Brièvement, comme nous venons de le voir ci-dessus, l'argumentation se construit avec la découverte des preuves, et pas l'inverse. Il est très fréquent de voir des discours existants qui cherchent des argumentations pour justifier leur existence, qui « torde le coup » à la réalité. 

Nous devons dans cet ordre d'idée nous méfier forcément de l'argument d'autorité, du document officiel qui de son officialité tire sa véracité, de la parole d'un supérieur, d'une autorité reconnue. Il est important de savoir que toutes les sources doivent pouvoir être recoupées, vérifiées et rentrer dans le jeu du contradictoire, c'est pourquoi, l'argumentation dans l'étude de la preuve peut vite se révéler un piège si nous n'apprenons pas à remettre les éléments en ordre et surtout ne porter aucun jugement.

De la justification

C'est pour justifier notre discours, notre stratégie, notre démarche que nous cherchons des preuves.

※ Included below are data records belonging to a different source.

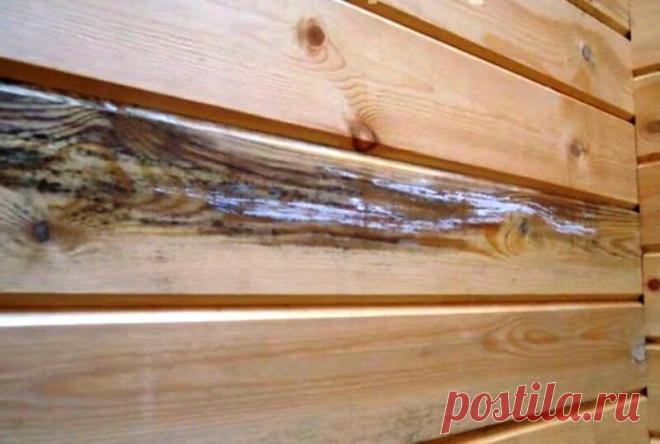 Как спасти вагонку в бане или сауне от гниения? Самые лучшие, проверенные мной способы | Дачный... Обратите внимание, практически все бани и сауны сегодня обшиты вагонкой. Материал очень популярный и распространенный, однако у него есть один большой и жирный «минус».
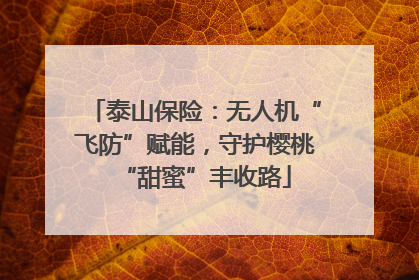 泰山保险：无人机“飞防”赋能，守护樱桃“甜蜜”丰收路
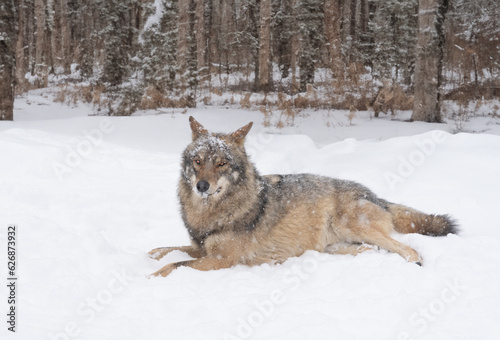 Gray wolf lies in the snow on the background of the forest
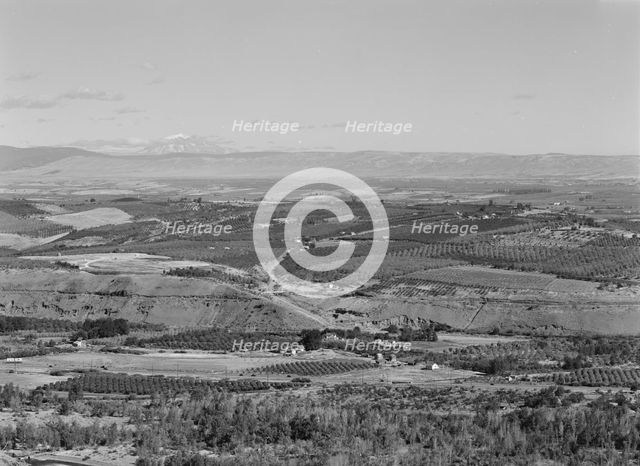 Possibly: Looking down on part of the Valley, approximately six miles from Yakima, Washington, 1939. Creator: Dorothea Lange.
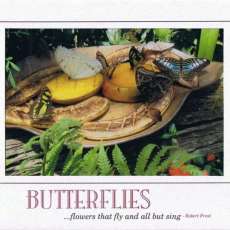 Butterflies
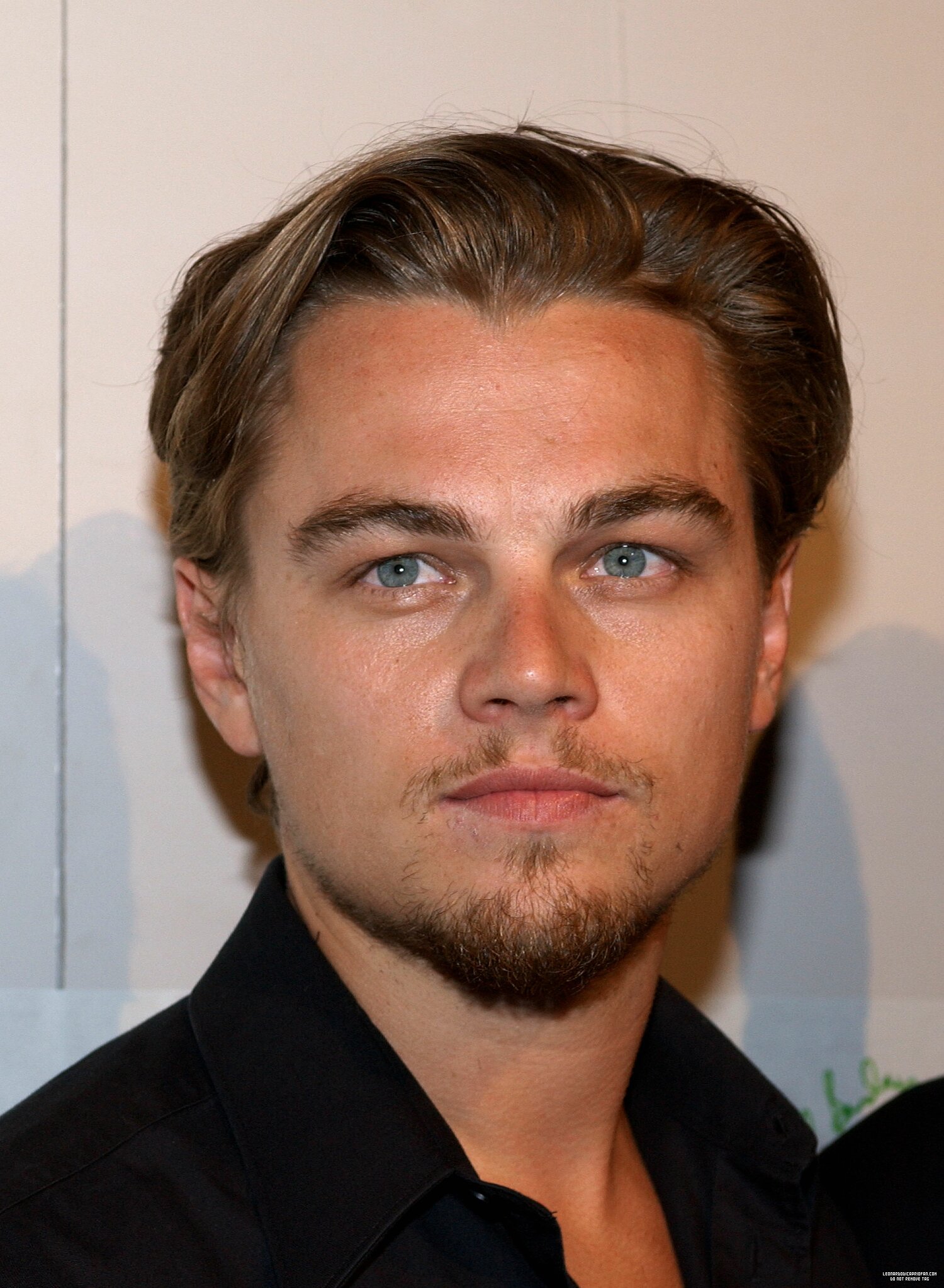 Leonardo DiCaprio photo #345641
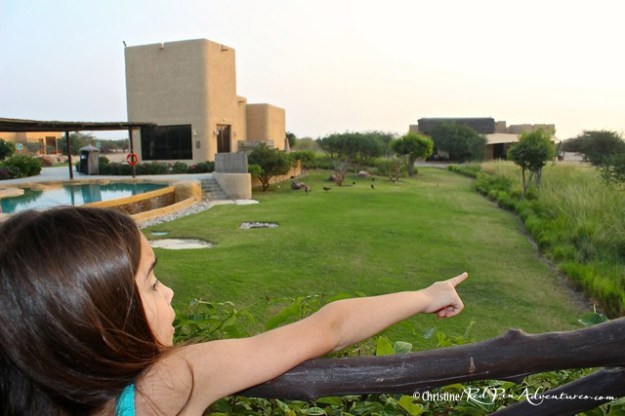 This is Mia when we first arrived at the resort. She couldn't beleive her eyes and was pointing at everything!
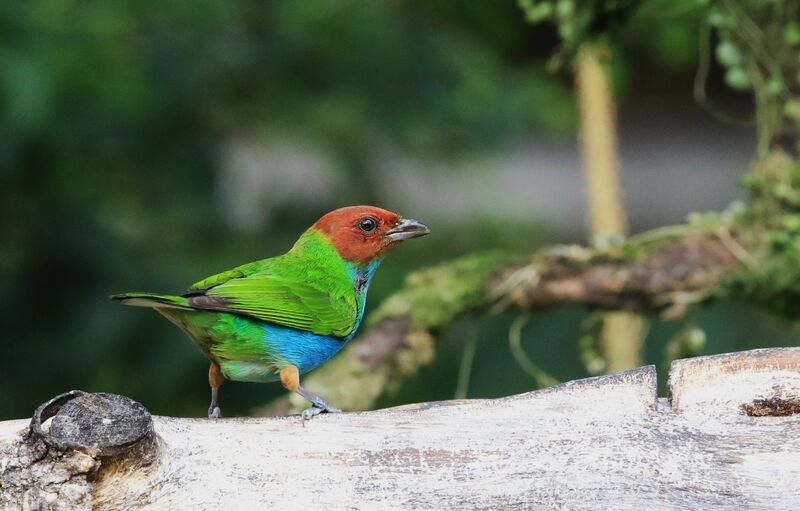 Bay-headed Tanager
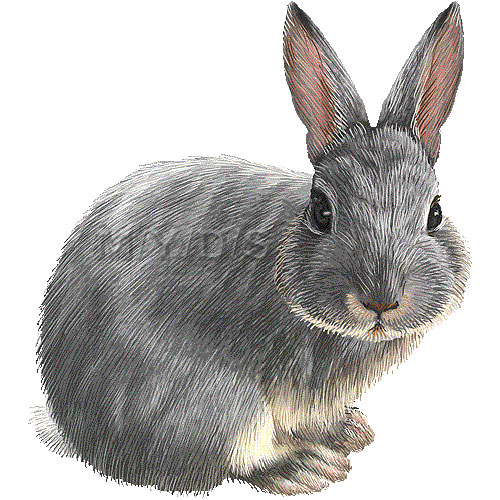 Netherland Dwarf  Rabbit  Clipart Graphics  Free Clip Art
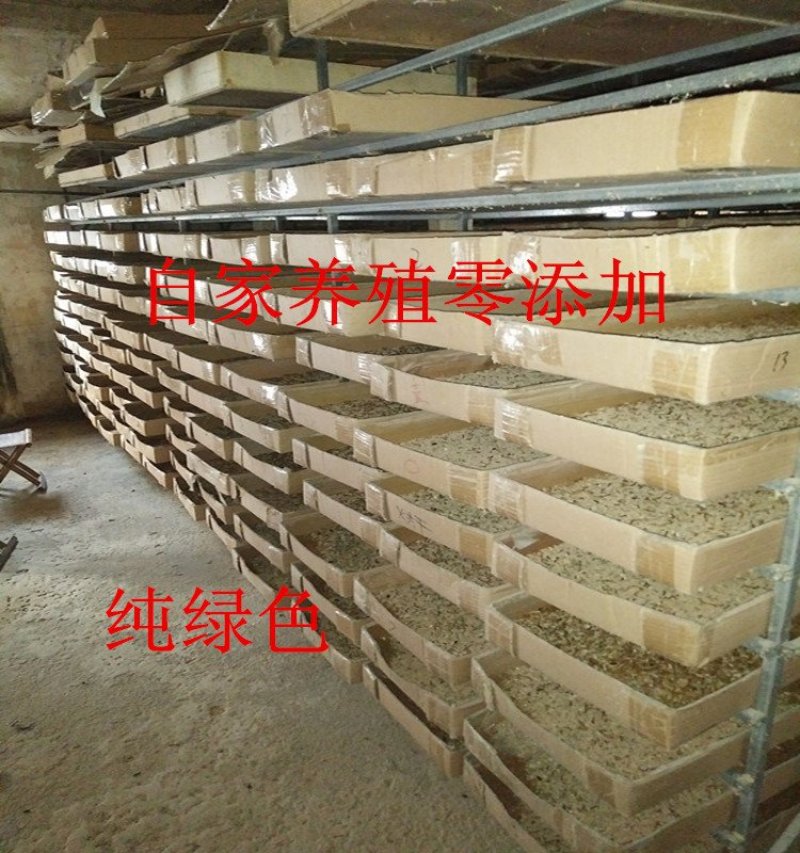 面包虫活体黄粉虫活体包邮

Souvent, d'ailleurs, ces preuves ne sont pas vues comme telles, et quand nous les accumulons nous pensons forcément avoir raison, sauf que la preuve peut avoir plusieurs natures, et suivant les contextes, la nature, la procédure, elles ne se valent pas toutes de la même façon. 

Certaines justifications, mêmes insignifiantes, concernant la procédure peuvent se révéler déterminantes. Mais, la justification, même exagérée, même grossière, est un passage presque obligatoire, elle est en règle générale la base de mon action, ma raison d'agir.

De la documentation

La recherche de la documentation est primordiale dans la mesure où nous sommes dans une société de l'écrit, et d'ailleurs même les procédures orales ont tendance à devenir écrites. L’ascendance des logiciels et de l'informatique y aide beaucoup. Cette mutation a profondément changé notre rapport au document, même un témoignage doit être retranscrit à l'écrit, c'est vrai en droit, mais aussi en sciences sociales. Cette mise à l'écrit est comme son marquage dans le temps, son témoignage et donc sa véracité. 

La recherche documentaire n'a jamais été chose aisée et elle est très énergivore, elle peut aussi demander un certain nombre d'autorisation. Tout n'est donc pas permis. 

Il y a le culte du document secret et que personne n'a lu, et dès fois que personne ne lira jamais. Cette recherche demande beaucoup d'organisation et de précision, savoir aussi être curieux.

De la logique

Dernier point que j'aborderai ici sur mon blog de façon succincte est celui de la logique car il est le plus « traître », il faut s'en méfier. Tout peut paraître « vrai », « allant de soi », « le discours s'agence bien », « l'argument tient la route », « c'est officiel » ou « dès fois cela remet en cause de façon éclairante la version officielle ».....or tout est faux. 

La logique est un des aspects de « l'étude de la preuve » le plus compliqué à gérer. J'en arrive même à me dire aujourd'hui que seule l'expérience arrive à l’éclaircir. 

Je sais « l'expérience », ce n'est pas très rationnel, mais c'est à force de recherches, de lectures, de confrontations d'arguments, de remises en cause qu'un moment nous sommes capables de dire que cette « logique », pourtant « très logique », n'a que très peu de chance de « prospérer », qu'il y a « plus de verbiage que de logique ». Oui, de « verbiage », vous remarquerait que souvent les logiques qui n'en sont pas ont une tendance à produire du « verbe », c'est-à-dire de la « parole », « des exemples simplistes » … et ça a tous les niveaux.

Pour Conclure

Voilà, en quelques mots si je voulais présenter la spécialité de « l'étude de la preuve », elle est autant une activité de recherche suivant les sujets et les thématiques, qu'une activité d'éclaircissement, de classification et de comparaison. Elle ne nous est pas innée, elle s'apprend et se pratique.